Retraining using MobileNet models
The stripped and quantized model generated in the previous section is still over 20 MB in size. This is because the pre-built Inception v3 model used for retraining is a large-scale deep learning model, with over 25 million parameters, and Inception v3 was not created with a mobile-first goal.
In June 2017, Google released MobileNets v1, a total of 16 mobile-first deep learning models for TensorFlow. These models are only a few MB in size, with 0.47 million to 4.24 million parameters, still achieving decent accuracy (just a bit lower than Inception v3). See its README for more information: https://github.com/tensorflow/models/blob/master/research/slim/nets/mobilenet_v1.md.
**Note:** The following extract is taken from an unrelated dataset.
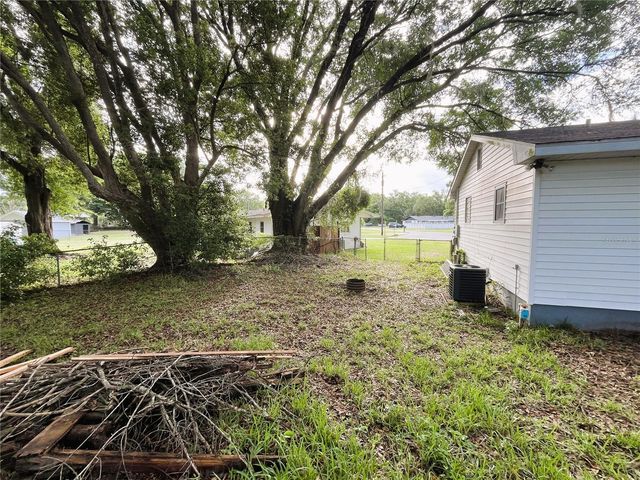 121 MARIS COURT, Lakeland, FL 33809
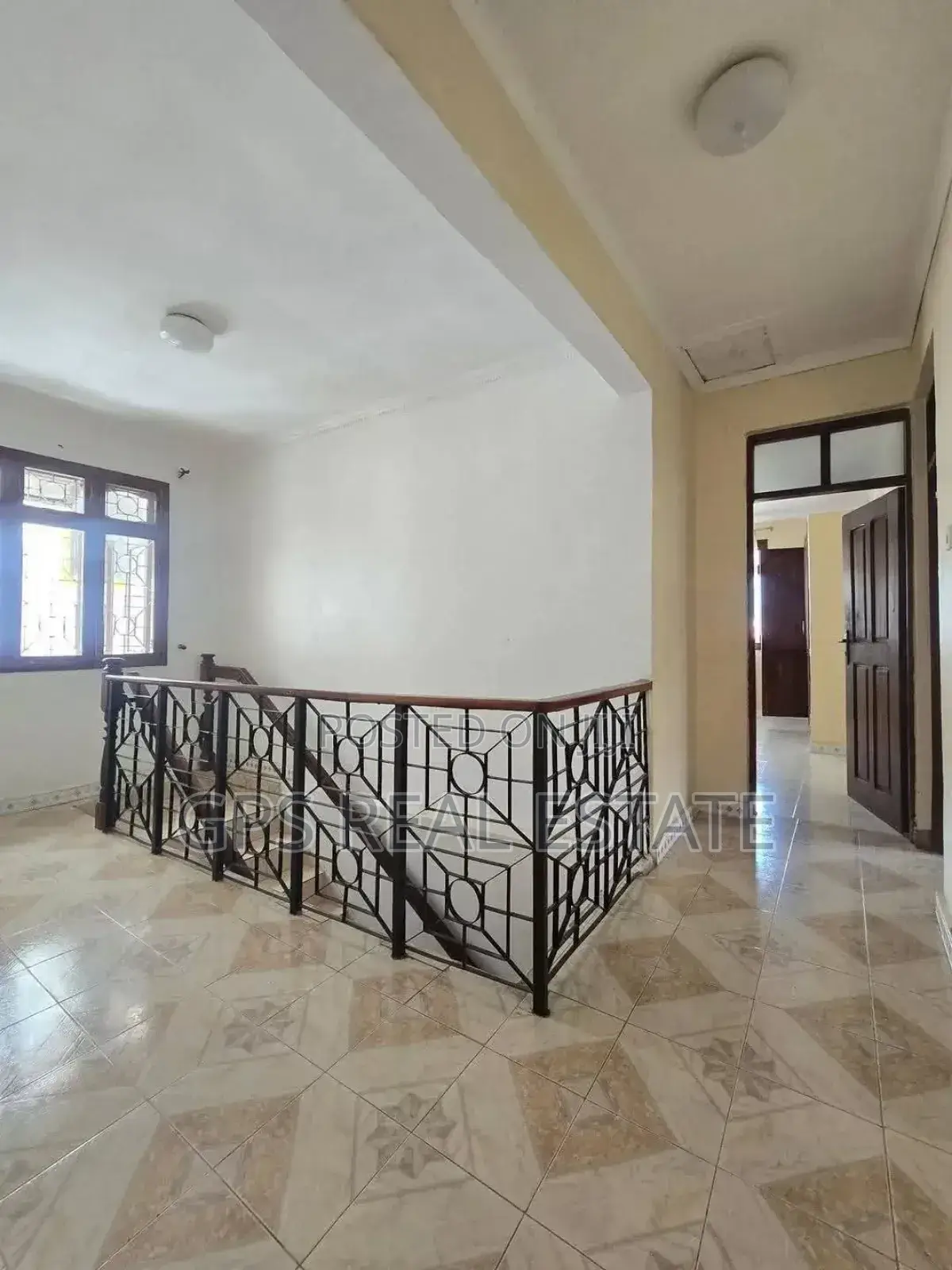 7bdrm House in Mikocheni B for rent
The retrain.py script discussed in the previous section also supports retraining based on MobileNet models. Simply run a command like the following:
python tensorflow/examples/image_retraining/retrain.py --output_graph=/tf_files/dog_retrained_mobilenet10_224.pb --output_labels=/tf_files/dog_retrained_labels_mobilenet.txt --image_dir ~/Downloads/Images --bottleneck_dir=/tf_files/dogs_bottleneck_mobilenet --architecture mobilenet_1.0_224
The generated label file dog_retrained_labels_mobilenet.txt actually is the same as the label file generated during retraining using the Inception v3 model. The --architecture parameter specifies one of the 16 MobileNet models, and the value mobilenet_1.0_224 means using the model with 1.0 as the parameter size (the other three possible values are 0.75, 0.50, and 0.25 – 1.0 for most parameters and accurate but largest size, 0.25 the opposite) and 224 as the image input size (the other three values are 192, 160, and 128). If you add _quantized to the end of the—architecture value, that is --architecture mobilenet_1.0_224_quantized, the model will also be quantized, resulting in the retrained model size of about 5.1 MB. The non-quantized model has a size of about 17 MB.
You can test the model generated previously with label_image as follows:
bazel-bin/tensorflow/examples/label_image/label_image --graph=/tf_files/dog_retrained_mobilenet10_224.pb --image=/tmp/lab1.jpg --input_layer=input --output_layer=final_result --labels=/tf_files/dog_retrained_labels_mobilenet.txt --input_height=224 --input_width=224 --input_mean=128 --input_std=128 n02099712 labrador retriever (41): 0.824675 n02099601 golden retriever (64): 0.144245 n02104029 kuvasz (76): 0.0103533 n02087394 rhodesian ridgeback (105): 0.00528782 n02090379 redbone (32): 0.0035457
Notice that when running label_image, the input_layer is named as input. We can find this name using the interactive iPython code or the summarize graph tool seen earlier:
bazel-bin/tensorflow/tools/graph_transforms/summarize_graph --in_graph=/tf_files/dog_retrained_mobilenet10_224.pb Found 1 possible inputs: (name=input, type=float(1), shape=[1,224,224,3]) No variables spotted. Found 1 possible outputs: (name=final_result, op=Softmax) Found 4348281 (4.35M) const parameters, 0 (0) variable parameters, and 0 control_edges Op types used: 92 Const, 28 Add, 27 Relu6, 15 Conv2D, 13 Mul, 13 DepthwiseConv2dNative, 10 Dequantize, 3 Identity, 1 MatMul, 1 BiasAdd, 1 Placeholder, 1 PlaceholderWithDefault, 1 AvgPool, 1 Reshape, 1 Softmax, 1 Squeeze
So, when should we use an Inception v3 or MobileNet retrained model on mobile devices? In cases where you want to achieve the highest possible accuracy, you should and can use the retrained model based on Inception v3. If speed is your top consideration, you should consider using a MobileNet retrained model with the smallest parameter size and image input size, in exchange for some accuracy loss.
One tool to give you an accurate benchmark of a model is benchmark_model. First, build it as follows:
bazel build -c opt tensorflow/tools/benchmark:benchmark_model
Then, run it against the Inception v3 or MobileNet v1-based retrain model:
bazel-bin/tensorflow/tools/benchmark/benchmark_model --graph=/tf_files/quantized_stripped_dogs_retrained.pb --input_layer="Mul" --input_layer_shape="1,299,299,3" --input_layer_type="float" --output_layer="final_result" --show_run_order=false --show_time=false --show_memory=false --show_summary=true
You'll get a pretty long output and at the end there's a line like FLOPs estimate: 11.42 B, meaning it'd take the Inception v3-based retrained model about 11 B FLOPS (floating point operations) to make an inference. An iPhone 6 runs about 2 B FLOPS so it'd take about 5–6 seconds on an iPhone 6 to run the model. Other modern smartphones can run 10 B FLOPS.
By replacing the graph file with the MobileNet model-based retrained model dog_retrained_mobilenet10_224.pb and rerunning the benchmark tool, you'll see the FLOPS estimate becomes about 1.14 B, which is about 10 times faster.